Vogt was one of a group of eight participants in a special project of the woodcarver group at Senior Citizens Inc. The Eagle Cane project, a national woodcarving effort which has spread to 48 states, was introduced to the woodcarver group by Shawnee Hills resident Dave Thomas.

Thomas explained that once finished, the usable walking canes are given to United States veterans who have been injured with leg disabilities in combat since Sept. 11. The Delaware group created nine canes, he said.

“I think it was a really good thing to do for injured veterans that come back and need walking assistance,” Vogt said.

Vogt’s uncle, the late Murrell Smith was a radio operator in the Air Force, she said.

“I’m doing this for him,” Vogt said.

The group — consisting of Thomas, Vogt, Edward Frank, William Hendershot III, Tom Hindes, Sherry Jones, George Shaw and Tommy Strunk — made nine canes in total that will be delivered to the Chillicothe VA Medical Center and passed out to veterans.
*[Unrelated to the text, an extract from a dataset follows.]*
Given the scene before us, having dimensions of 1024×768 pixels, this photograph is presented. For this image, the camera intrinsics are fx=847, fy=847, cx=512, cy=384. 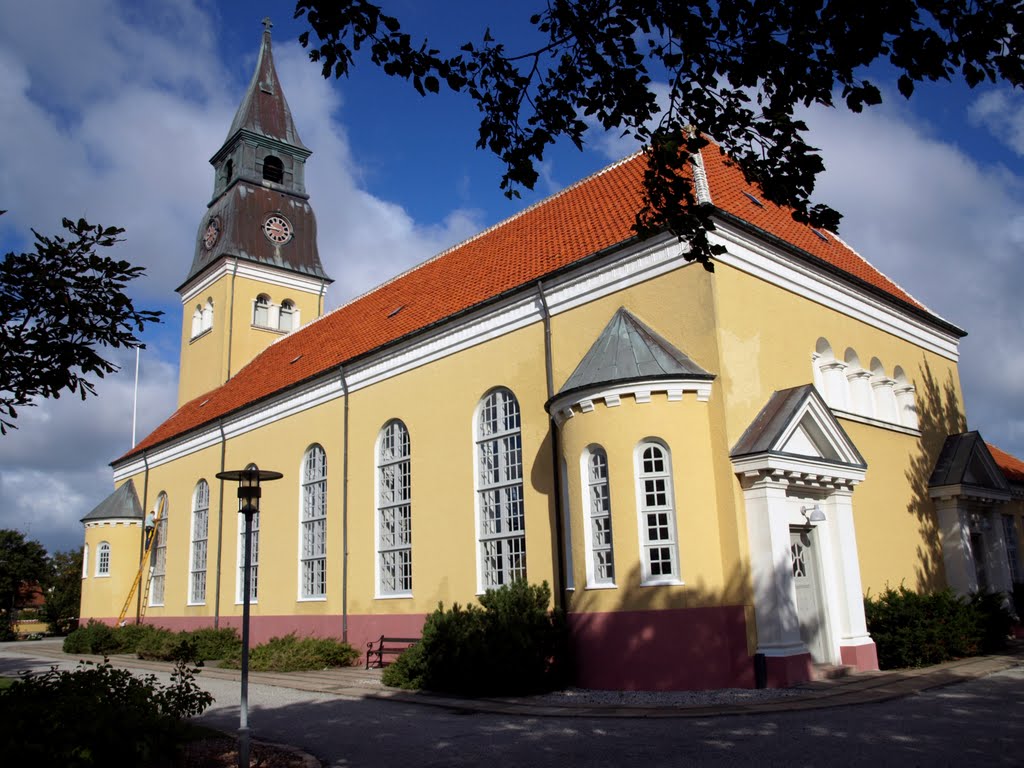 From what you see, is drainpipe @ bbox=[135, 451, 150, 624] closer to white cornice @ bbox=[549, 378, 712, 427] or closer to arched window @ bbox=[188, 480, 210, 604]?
arched window @ bbox=[188, 480, 210, 604]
Thomas, an Army veteran himself, discovered the project from an issue of Woodcarving Illustrated.

The Eagle Cane Project was founded by Jack Nitz, an Oklahoma resident, and initially was to supply Oklahoma post-Sept. 11 veterans with canes to help with combat-related leg injuries.

As a member of several woodcarving groups, including the Senior Citizens Inc. collective, Thomas said he thought it was a worthwhile, meaningful activity to bring to the club.

“Being a carver from the Columbus group and going to Delaware too, I thought it would be something nice for people to get involved in and help out these wounded veterans,” Thomas said.

The eagle heads are made out of bass wood, which shows detail and finishes nicely, and the shafts of the cane are poplar, Thomas said. Depending on the artist, a cane could take anywhere from 45 minutes to 4 hours to finish.

Once carved, the canes can be painted with acrylic or oil paints or brushed with a clear finish. Some are just natural wood as well, Thomas said.